First a little about myself; most people that know who I am, understand me to be a strangely optimistic positive person or “eccentric”. I have these odd characteristics because of what most consider “disabilities.” I suffer from “mental-disabilities”, as well as “physical-handicaps”. I have trouble communicating due to the extremity of my social disorder. It is extremely difficult for me, just to type this, because of how I think people or individuals may see me as a failure, or a bad person. I feel like I have always given above and beyond 100%; and try my best to see the positive out of every situation, or “misfortunes”. Despite any odds, I completed many years of service. As an Army wartime veteran, its difficult for me to understand how -we- can be so mistreated, disrespected, and looked down upon for living by an oath of honor, fighting for our country. Regardless of my disorders or disabilities, whether physical or mental, I struggle with pain on so many levels; I try not to focus on them. But I have always out preformed what was ever expected of me. I still push through and have a “high-quality” work ethic. And I do my best to be polite, even while being blatantly disrespected.

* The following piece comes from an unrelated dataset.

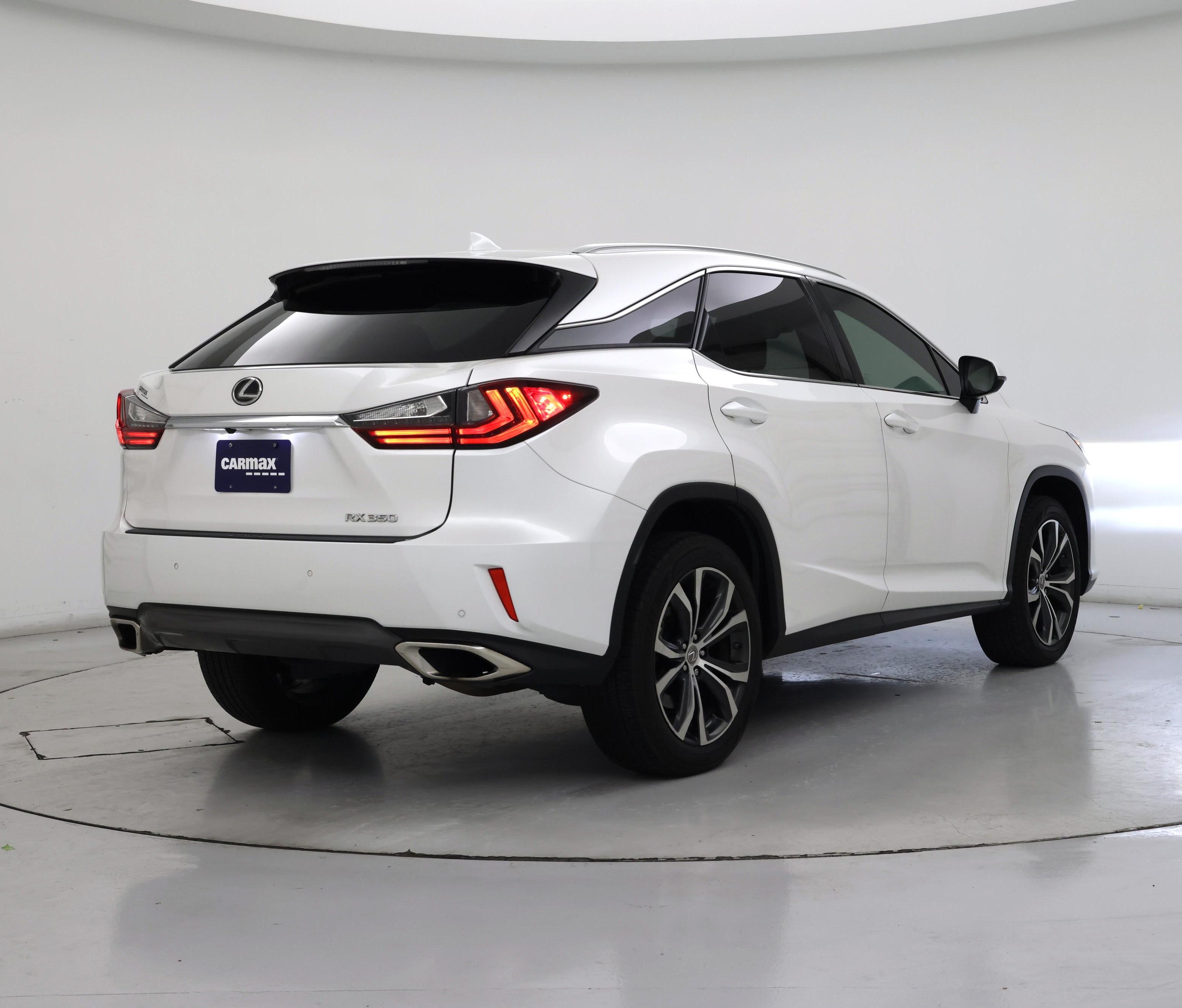 Thumbnail: 2017 Lexus RX - 8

I started working for a corporation in early spring of 2015. I cannot mention the name. At first everything seemed to be so great! It took me a few weeks to get a good idea and feel for the routine of their system. I started to make a decent amount of money, and then the manager in charge of my manager, started to “single me out”. It seemed like he started picking on me, much like a bully does in school. (Like it made him feel better to watch me struggle more and more.) He would come out of his way to make unnecessary comments about anything that he felt would hurt my feelings. Whether it was something about my emotional or physical characteristics, my quality of work, and/or even my attire; though I dressed in collared, button-up shirts, neck ties, and cargo slacks, he made me pay to wear an entry-level uniform that didn't have anything to do with the work that I did. He then started making rules and enforcing them just for me. He began limiting the amount of work that I was able to accomplish, regardless of how efficient I was trying to be. It seemed like he was picking on me, or bullying me to make me quit. I was nothing but kind and polite towards him, despite the things that he called me and petty things he directed towards me. I bit down hard, and stuck with all of the loops he made me jump through. Even after he blamed me for all types of mistakes/damages that I had nothing to do with.
He fired me yesterday, for doing quality control for my departments work… one week from Christmas. He cut my checks in half for the past two weeks; and he knows I've been struggling to visit my son.
I'm normally not one to ask for help, but I don't know what to do right now. I'm hesitant to even post this in fear that I wouldn't know how to repay anyone back. It’s like I’m struggling with myself to reach out. My mother taught me to never take anything that I couldn't give-back. But I don't have any close friends, family, or relatives in this country that could help me 6 days before Christmas. Any legal action wouldn’t help me until after the holidays.
I don’t have anything to give my son for Christmas. He is only two years old, so I’m not too worried about gifts. But he lives about 4 hours away from me, so I just want to spend time with my son for Christmas. I had to give away all my money to people I borrowed it from when my checks were cut in half.
I seen an ad for this funding stuff months ago on a commercial or an ad, and I thought to myself that, “I would never have to ask a bunch of strangers”, or “why would a bunch of strangers want to help me?” And that I would never have to be in that position… yet, here I am, asking for any amount of help from somebody, anybody, in any way.
I'd like to think that I have a good heart. I feel that I do my best to try, at least I hope I do. And from the farthest depths of my heart, I want to thank -you-, for even taking the time to read this. Thank you, God bless, and Merry Christmas!